Department Expects Facility to Begin Full Operations In May
Mike Nartker
WC Monitor
3/07/2014
PHOENIX, Ariz.—With the Idaho Sodium-Bearing Waste Treatment Facility now operating at its normal temperature and pressure, the Department of Energy is “cautiously optimistic” that the start of actual waste processing can get underway this spring as currently planned, a senior DOE Office of Environmental Management official said here this week. CH2M-WG Idaho, the contractor responsible for the facility, was set to wrap up a readiness assessment by the end of this week, and depending on if there any pre-start findings that still need to be resolved, DOE could launch its assessment as soon as early next week. “We’ve had some hiccups along the way with startup. We are at normal operating temperatures and pressures. … We’re hopeful that we won’t encounter any more hiccups as we complete the DOE ORR and start looking at [using] simulant,” EM Deputy Assistant Secretary for Tank Waste and Nuclear Materials Management Ken Picha said at this year’s Waste Management Symposia.
The SBWT Facility, also known as the Integrated Waste Treatment Unit, is intended to treat the approximately 900,000 gallons of remaining liquid waste at the Idaho site through a steam reforming process for disposal and to allow for closure of the site’s remaining waste tanks. The facility is intended to help DOE meet a commitment to the state of Idaho to have the liquid waste processed by the end of this year, and both the Department and CWI have stressed they believe the milestone can still be met. DOE previously had a commitment to the state to complete processing of the waste by the end of 2012, but in the summer of that year, startup of the facility was significant disrupted by what has been described as a “pressure event.” The incident occurred when the facility’s filters became clogged with carbon material during efforts to get it up to its operating temperature. The facility was shut down and DOE and CWI implemented a set of modifications, the last of which were completed last summer.
Facility ‘Has Fought Us Kicking and Screaming’
With the modifications completed, CWI and DOE continued to encounter challenges as they worked to get the facility up to its operating temperature and pressure. The most recent hurdle came in mid-February, when the facility had to be briefly shut down because of a “faulty valve,” according to Danielle Miller, a spokeswoman for the DOE Idaho Operations Office (WC Monitor, Vol. 25 No. 7). “The mid-February cool down was the result of a faulty valve which was promptly repaired and the facility was reheated within the week,” she said in a written response.

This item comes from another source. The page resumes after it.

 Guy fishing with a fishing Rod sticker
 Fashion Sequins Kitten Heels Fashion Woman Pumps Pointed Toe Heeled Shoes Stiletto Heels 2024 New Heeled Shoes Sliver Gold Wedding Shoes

Once the contractor and DOE readiness assessments are completed, steam and a waste simulant will be introduced in the facility to complete the integrated system test now underway. Once the test is completed, depending on the results, the facility will enter into a planned cool-down and outage period, and DOE will seek permission from Idaho regulators to initiate actual waste processing. The Department currently expects to begin actual waste processing in May, with a seven-to-10 month campaign expected to complete waste processing. “This facility has fought us kicking and screaming all the way up to starting the facility,” Ken Whitham, assistant manager for facilities and material disposition at the DOE Idaho Operations Office, said at this week’s meeting.

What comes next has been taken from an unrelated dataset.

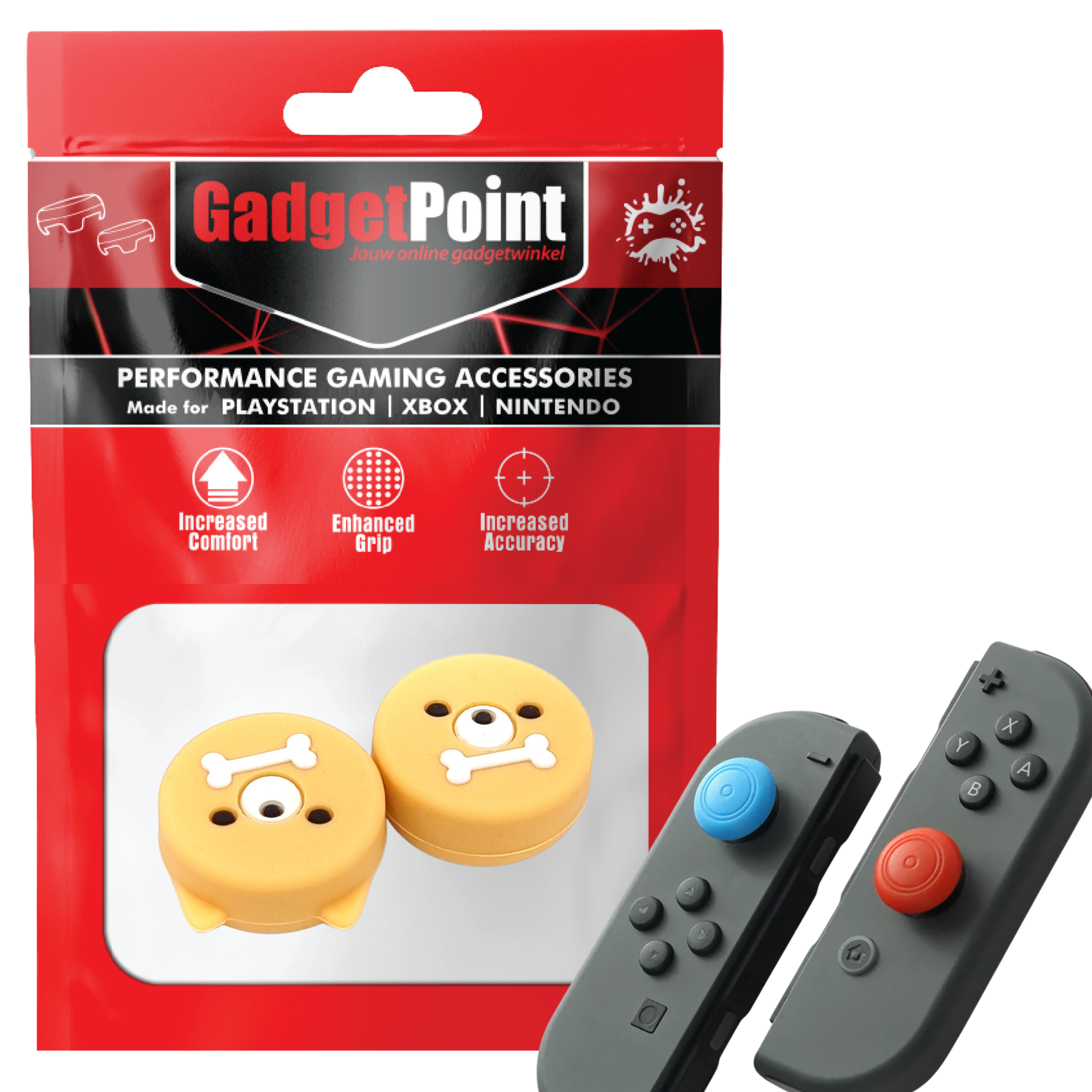 Thumb Grips voor Nintendo Switch Joy-Con Controllers - Gaming Thumbgrips - Performance Thumbsticks - Anti-Slip Joystick Caps - Bescherming Accessoires - Dier - Bot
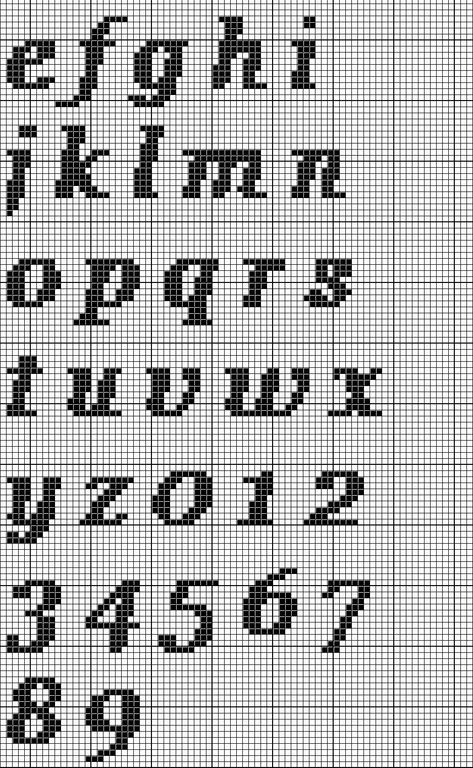 Crochet Fonts Graph, Knit Graph, Crochet Letters Pattern, Crochet Alphabet, Crochet Letters, Cross Stitch Alphabet Patterns, Graph Crochet, Easy Pixel Art, Pixel Crochet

Whitham noted the deliberate approach the Department and CWI has taken in its latest efforts to get the facility in operation. “In the latest runs to start this facility up, the operators and the contractor really have learned each time they went forward,” he said. “It really has been step forward, [have a] challenge, overcome that challenge, step forward, step forward, step forward. And in many cases the Department’s role in that has been to make sure … to manage that schedule pressure so it didn’t result in people doing something ill-considered.”